Bronwyn T. Williams, Director
If you’ve ever heard someone from the University Writing Center talk about what we do here you’ve likely heard them say that our goal is to do more than help a writer simply “fix” a current draft. We also want to provide ideas and strategies to help that person become a stronger writer in the future. Some of these suggestions are nuts and bolts suggestions about organization or revision or grammar and usage. Yet we also believe that writing well involves more than just mastering a set of skills. The writing processes we use, as well as how confident and motivated we feel to work on a piece of writing, can be crucial to how successfully any writer navigates new writing challenges.
Talk to many university students – or, quite frankly, most people in the culture – and you will hear people say things such as “I just can’t write,” or “I’m not a born writer.” After years of unproductively harsh criticism, rather than constructive instruction, they have internalized a belief that there is some kind of hidden magic to being a good writer, and that they don’t have it. The truth is, that writing well takes time, practice, failure, revision, advice, and is an ongoing, life-long learning process for all of us. There are simply no “born writers.”
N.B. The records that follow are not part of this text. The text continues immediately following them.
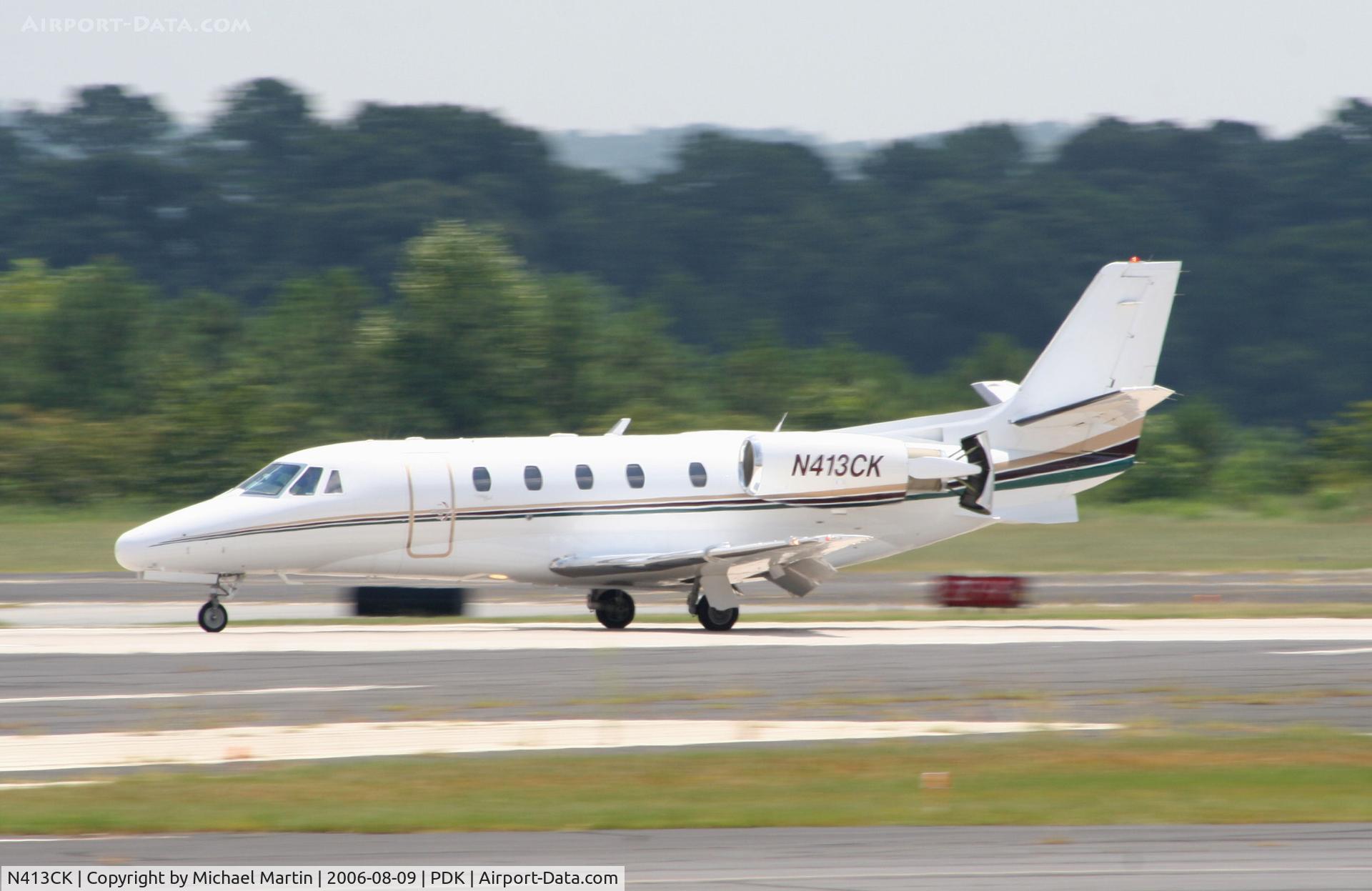 N413CK, 1999 Cessna 560XL C/N 560-5042, Landing Runway 2R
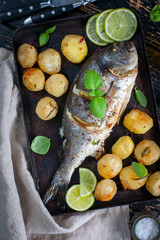 Baked dorado with Provencal herbs and potatoes.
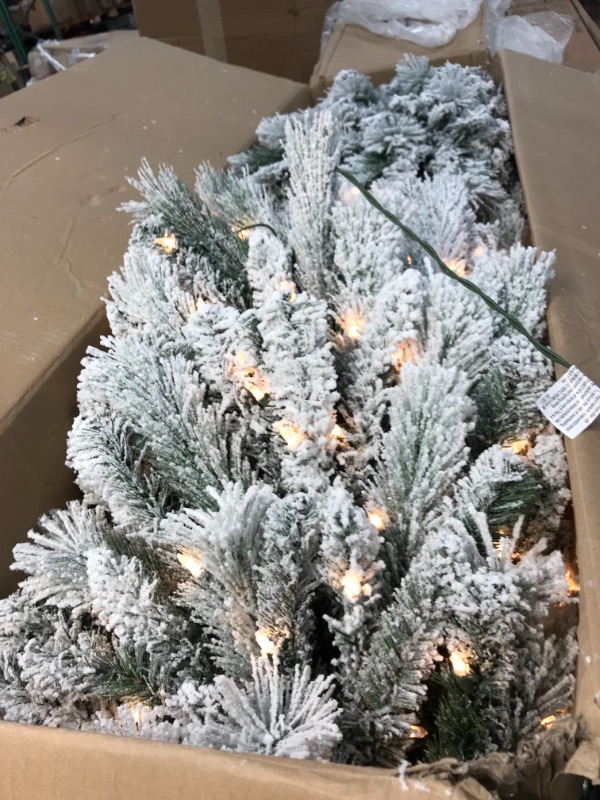 Photo 3 of **INCOMPLETE**
\Puleo International 9 Foot Pre-Lit Flocked Portland Pine Pencil Artificial Christmas Tree with 450 UL Listed Clear Lights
In recent research of mine, I have been focusing on what makes people feel anxious about, or confident in, their reading and writing abilities at a given moment. Put more simply, what makes a person feel literate at one time and not another. Many factors facilitate or obstruct such a feeling of agency for people. A new technology can make writing suddenly much easier, or can make previously simple actions complicated and confusing. A teacher’s response to a writing assignment can be dismissive and discouraging, or offer encouraging suggestions for revision that make a writer feel that success is possible.
Culture, material conditions, language, and many other factors shape all writers’ perceptions of agency. All of these external influences result in experiences, emotions, and memories that also shape such perceptions. My research on how these factors influence student writers took place in part at the UofL University Writing Center as well as with students in the United Kingdom and Kazakhstan, (the book is titled Literacy Practices and Perceptions of Agency: Composing Identities). In this research, I drew on research in psychology and neuroscience, as well as other fields, to understand how writers’ sense of confidence could vary dramatically from one context to another and how that affected their abilities to write successfully. A student could write well in one course, and struggle in a new course, even in the same major, when facing a new genre. Another student could excel at writing at work, but not at school. Each experience creates a different emotional memory that will influence how that student both thinks and feels about a similar writing situation the next time it comes up. Research in psychology on emotion, memory, and motivation, illustrates how important the kinds of response we provide as writing consultants and teachers is to the ways in which students approach their writing.
At the University Writing Center, we have incorporated some of the ideas from this research into the ways we work with writers. We are developing strategies that help writers approach revision, even substantial revision that will require a great deal of work, with more confidence in their abilities to do such difficult work, and more internal motivation to complete the work. One key part of this approach is helping writers understand that their struggles and anxieties are not unique to them, but typical of all writers, from first-year students to famous novelists. We sometimes take the time to talk about how learning anything is first a struggle, but one that they can work through. Writing is not an innate gift, but a learned activity that gets better with practice. That knowledge alone, research has shown, can result in significant changes in how willing student writers may be to put in the hours and effort to improve their work. We both give students strategies for improving as well as talk to them about how, like all writers, they have strengths, challenges, and the abilities to keep learning.
My research is just one example of the ongoing research about writing and the teaching of writing that takes place at the University Writing Center. We are, as our mission statement points out, “committed to being part of ongoing scholarly conversations about the teaching of writing.” You can see this research reflected in work that Cassandra Book, our Associate Director, did on our Virtual Writing Center, or by the publications and graduate student projects that you can find listed on our website, or the conferences at which our staff present each year. An essential part of being a research university is the idea that we should use our research to contribute to knowledge in our field and enhance the educational experiences of our students. We’re looking forward to the start of the spring semester and to helping all writers find the strategies, and confidence, that will offer them the chance to express their ideas as clearly and creatively as possible.